Data provided:
◆ ◆ ◆ ◆
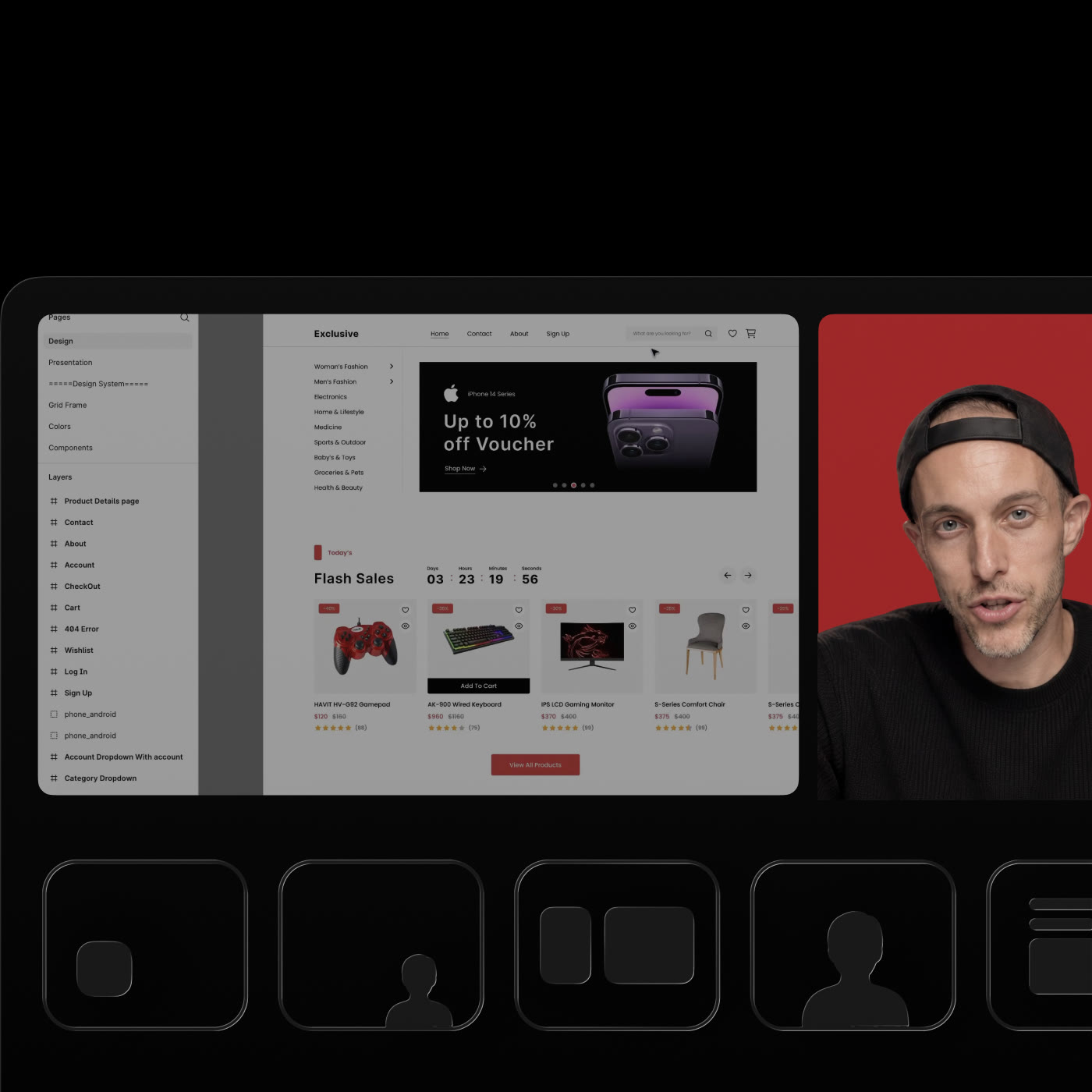 A screen recording beside the presenter's camera, with layout options below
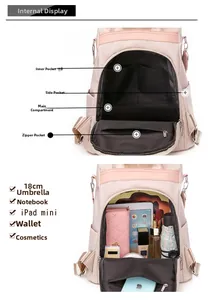 Innenfächer des rosa bestickten Rucksacks mit Platz für iPad und Regenschirm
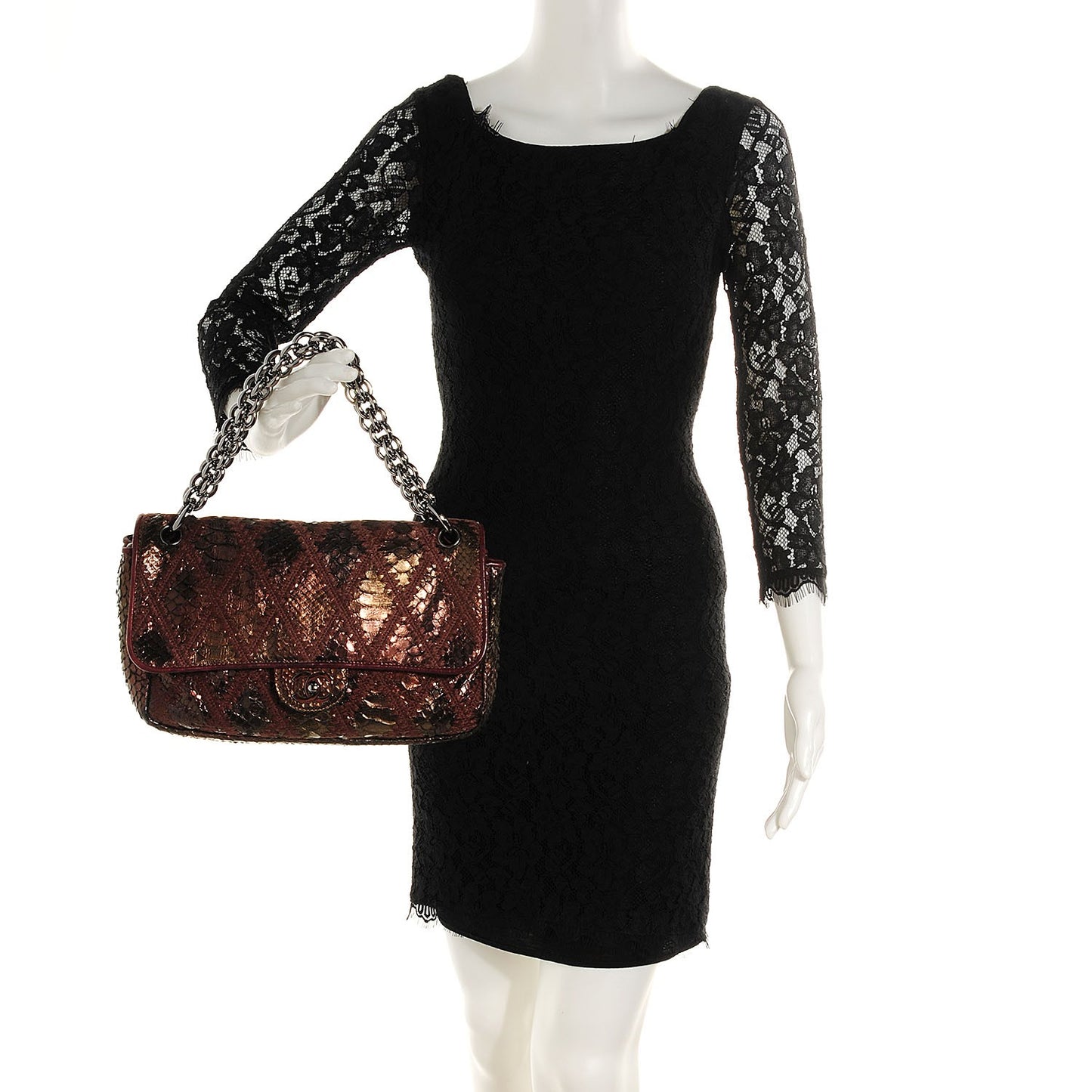 Python Crochet Soft and Chain Jumbo Flap Bronze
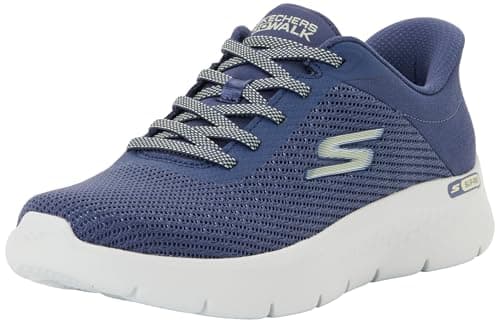 Image of Skechers Women's Go Walk Flex Carla Slip-On Sneakers, Blue Textile/Green Trim, 7 UK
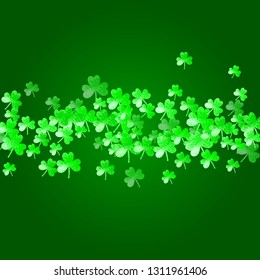 Clover background for Saint Patricks Day. Lucky trefoil confetti. Glitter frame of shamrock leaves. Template for flyer, special business offer, promo. Happy clover background.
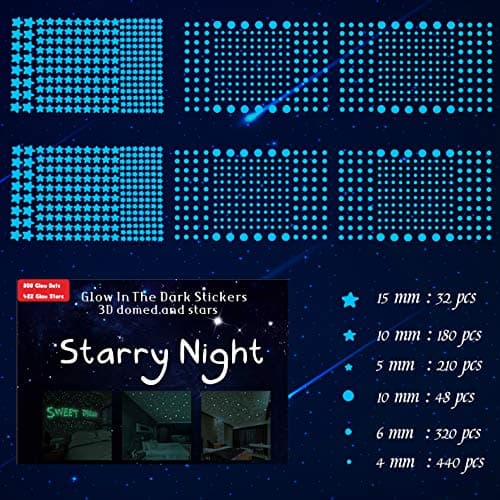 1230 PCS Ultra Glow in The Dark Stars Wall Stickers 3D Adhesive Dots Decor Starry Sky Decor for Kids Bedroom Beautiful Wall Decals Blue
◆ ◆ ◆ ◆
Task brief:
What you give back must match the material above exactly, minus its pictures.

Exercise output:
 A screen recording beside the presenter's camera, with layout options below
 Innenfächer des rosa bestickten Rucksacks mit Platz für iPad und Regenschirm
 Python Crochet Soft and Chain Jumbo Flap Bronze
 Image of Skechers Women's Go Walk Flex Carla Slip-On Sneakers, Blue Textile/Green Trim, 7 UK
 Clover background for Saint Patricks Day. Lucky trefoil confetti. Glitter frame of shamrock leaves. Template for flyer, special business offer, promo. Happy clover background.
 1230 PCS Ultra Glow in The Dark Stars Wall Stickers 3D Adhesive Dots Decor Starry Sky Decor for Kids Bedroom Beautiful Wall Decals Blue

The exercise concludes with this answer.